Target recruitment in ASQoP is 900 pts from 150 multiple country sites, and 200 pts from French sites for AFEQT. The EuroQoL EQ-5D™ instrument served as the utility measure and the EORTC QLQ-C30 as the generic cancer instrument. QoL populations were pts evaluable for the respective questionnaire at baseline and ≥1 assessment post-baseline and received ≥1 part of 1 dose of study treatment. Both instruments were self-administered at baseline and the beginning of every odd treatment cycle. Four preplanned interim analyses were conducted.


At the 4th interim analysis cutoff date, the EQ-5D population comprised 523 pts; 57.6% men, median age 62 years (range 20-89), 65.4% had Eastern Cooperative Oncology Group scores = 0. Mean baseline utility index was 0.77 (95% CI, 0.75-0.79). Utility index remained relatively stable at cycle 3 (in 449 evaluable pts) and up to cycle 17 (in 33 evaluable pts) with a mean (±SD) change from baseline of -0.02 (±0.24) and -0.08 (±0.19), respectively. Mean baseline global health status (GHS) score from EORTC QLQ-C30 was 68.44 (95% CI, 66.68-70.21) and remained in the stable range across subsequent cycles for both GHS and functional scales.

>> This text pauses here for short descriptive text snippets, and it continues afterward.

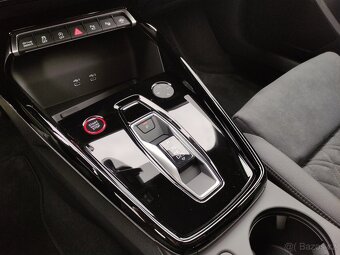 Audi RS3 FACELIFT MATRIX SONOS HUD KAMERA ZÁRUKA MY 2025 - 19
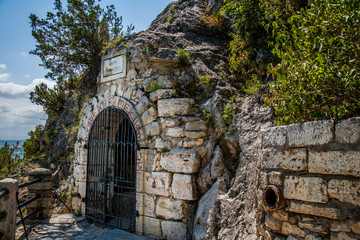 Fototapeta premium Lermontov's cave
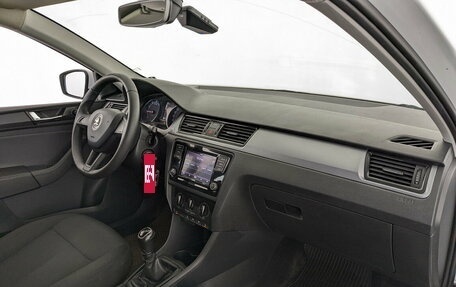Skoda Rapid I, 2019 год, 900 000 рублей, 11 фотография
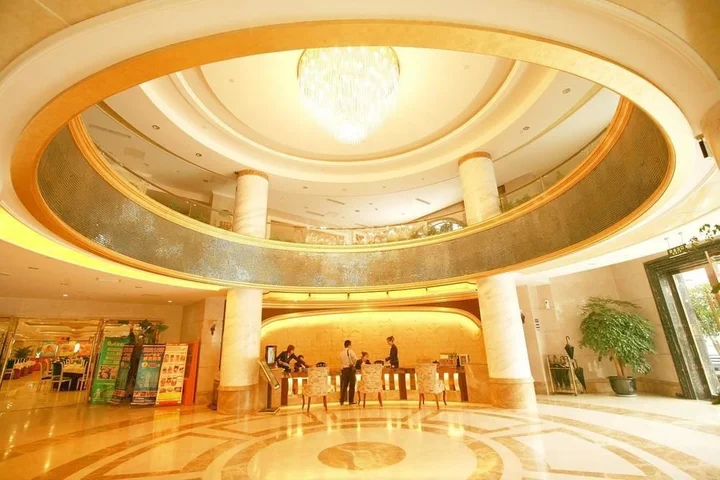Чэнду: Shunfeng International Hotel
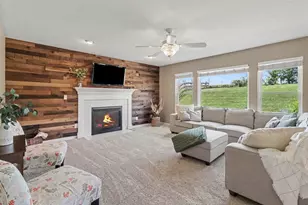 1966 Peach Blossom Ln, Hebron, KY 41048 - Photo 6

Trends from this interim analysis suggest relatively stable utility and QoL scores in mCRC pts treated in second line with aflibercept + FOLFIRI. This has important implications in advanced cancer, as patient-reported outcomes provide an important, real-world perspective on health status and well-being.

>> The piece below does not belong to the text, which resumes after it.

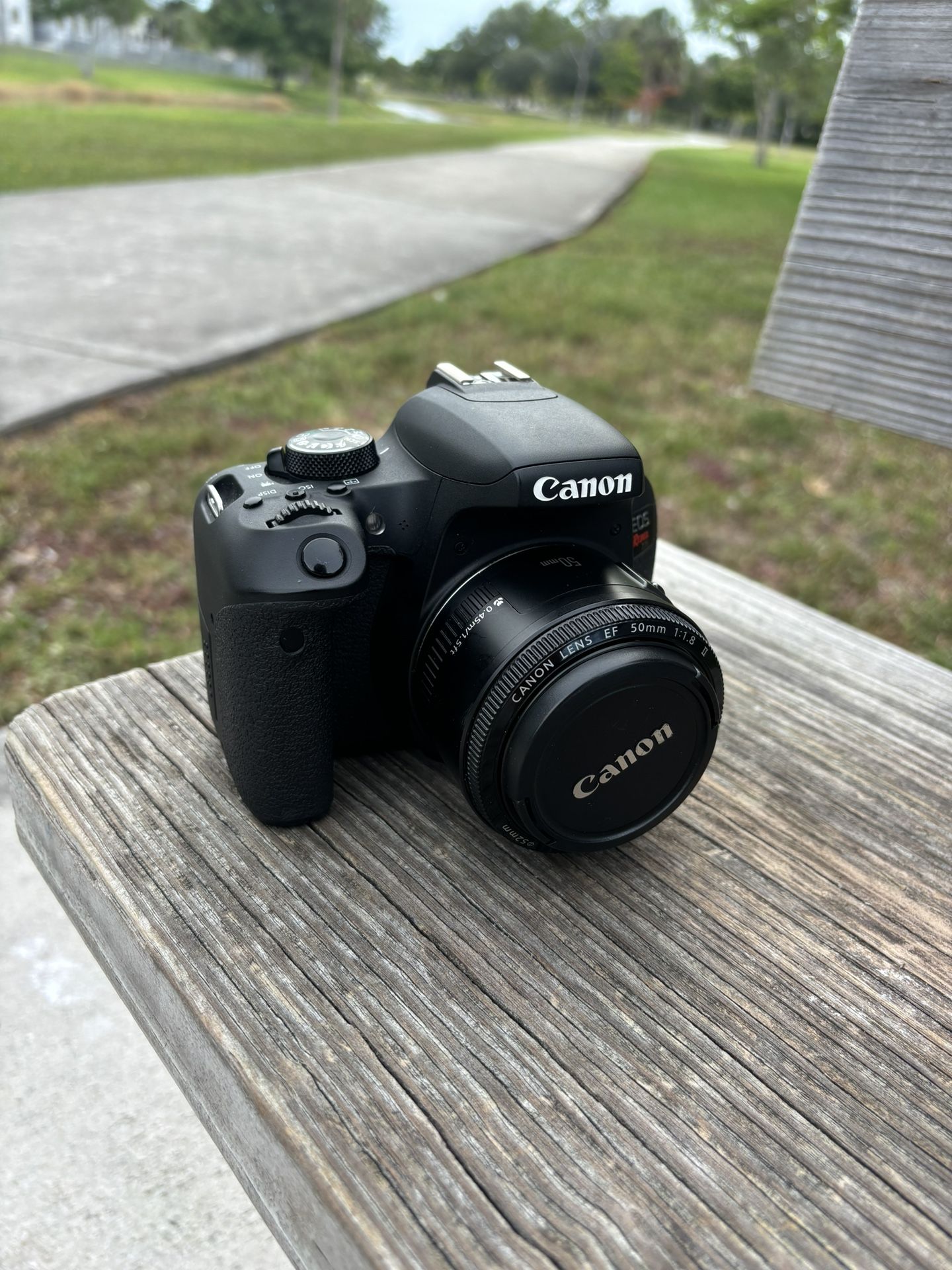 Canon T7i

J. Taieb: has disclosures relating to participation in advisory boards for Sanofi and corporate-sponsored research for Sanofi;P. García Alfonso: has disclosures related to participating in advisory boards for Sanofi, Roche, and Merck; Y. Moore: was an employee of Sanofi at the time the study was conducted and has stock ownership in Sanofi;S. Brette: is an employee of Lincoln, which is a consultant to Sanofi. C. Zilocchi, F. Joulain, S. Naoshy and P. Garreau-Laporte: is an employee of Sanofi and owns stock in Sanofi; E. Dochy: is an employee of Sanofi and owns stock in Sanofi; A. Sobrero: has received honoraria for advisory boards from Amgen, Roche, Sanofi, Bayer, Merck and Celgene. All other authors have declared no conflicts of interest.